Remote work will become more accepted and policies will be more clearly defined
When we’re on the other side of the pandemic, it is likely that organizations will reevaluate their position on remote work. Before COVID-19, remote work culture was already a growing trend, yet there are still many companies that prefer to have employees in physical office spaces as much as possible.
As this sudden transition has made remote work the de-facto way of keeping businesses running, there will be a lot of lessons-learned and best-practices developed on the most efficient ways to implement remote work policies. Technology that ensures that teams are using the best corporate collaboration tools effectively will be an instrumental part of developing remote work policies in the future.
As companies use this time to perfect home offices and create productivity channels for virtual communication, the next step will be to set up meeting spaces to connect to local and remote employees — effectively, efficiently and quickly.
For companies that already offered fully remote work or as-needed remote work before this crisis, this time will likely serve as a reminder of the value that flexibility in work location brings to employees and their lives, and its ability to inspire morale and job commitment.

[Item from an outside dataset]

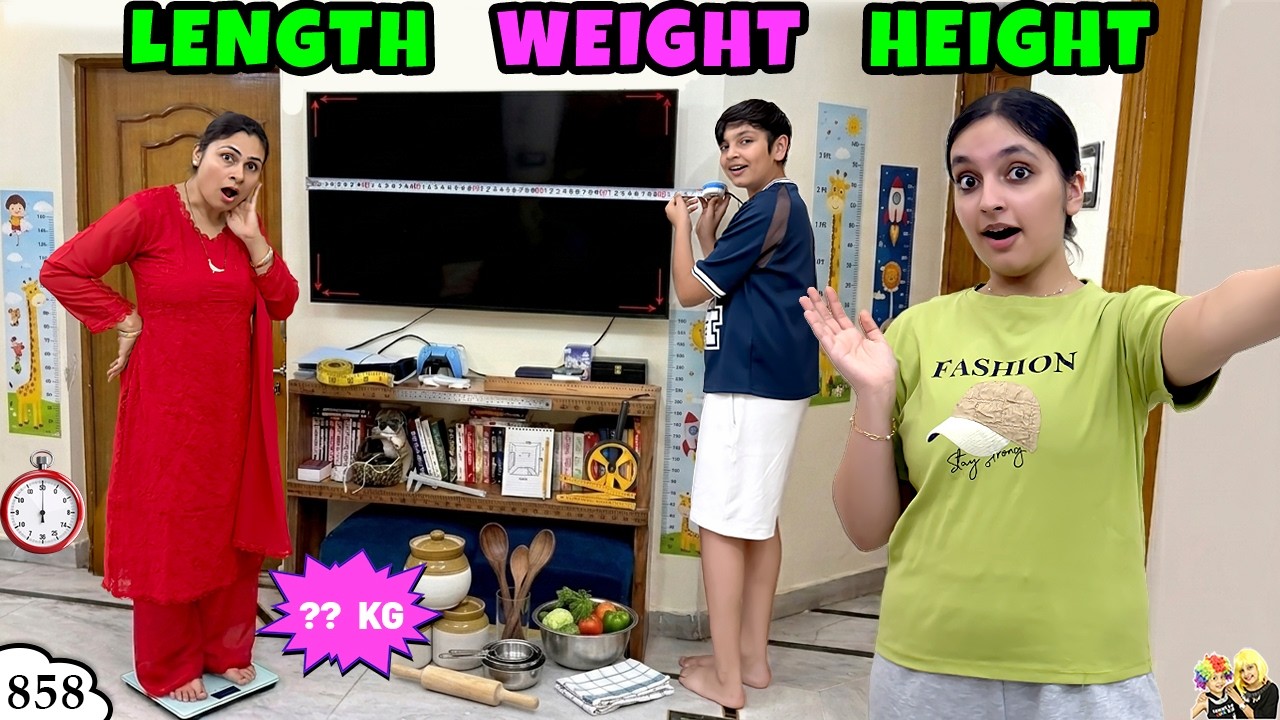 LENGTH WEIGHT HEIGHT | Ep 858 | Guess the measurement | Aayu and Pihu Show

The COVID-19 pandemic has put an emphasis on the large impact that digital transformation and strategy plays in an overall organization’s business implementation. Companies are learning that it is important to set employees up to communicate effectively from afar, but there are also key components of work-culture that, even with the best intentions, are hard to completely replicate.
All of the lessons we’re learning now will help manufacturers and other solutions-providers in the industry to better understand the specific needs that the modern workplace faces such as the challenges that come with teams working remotely, and how they can develop new solutions to help mediate these challenges.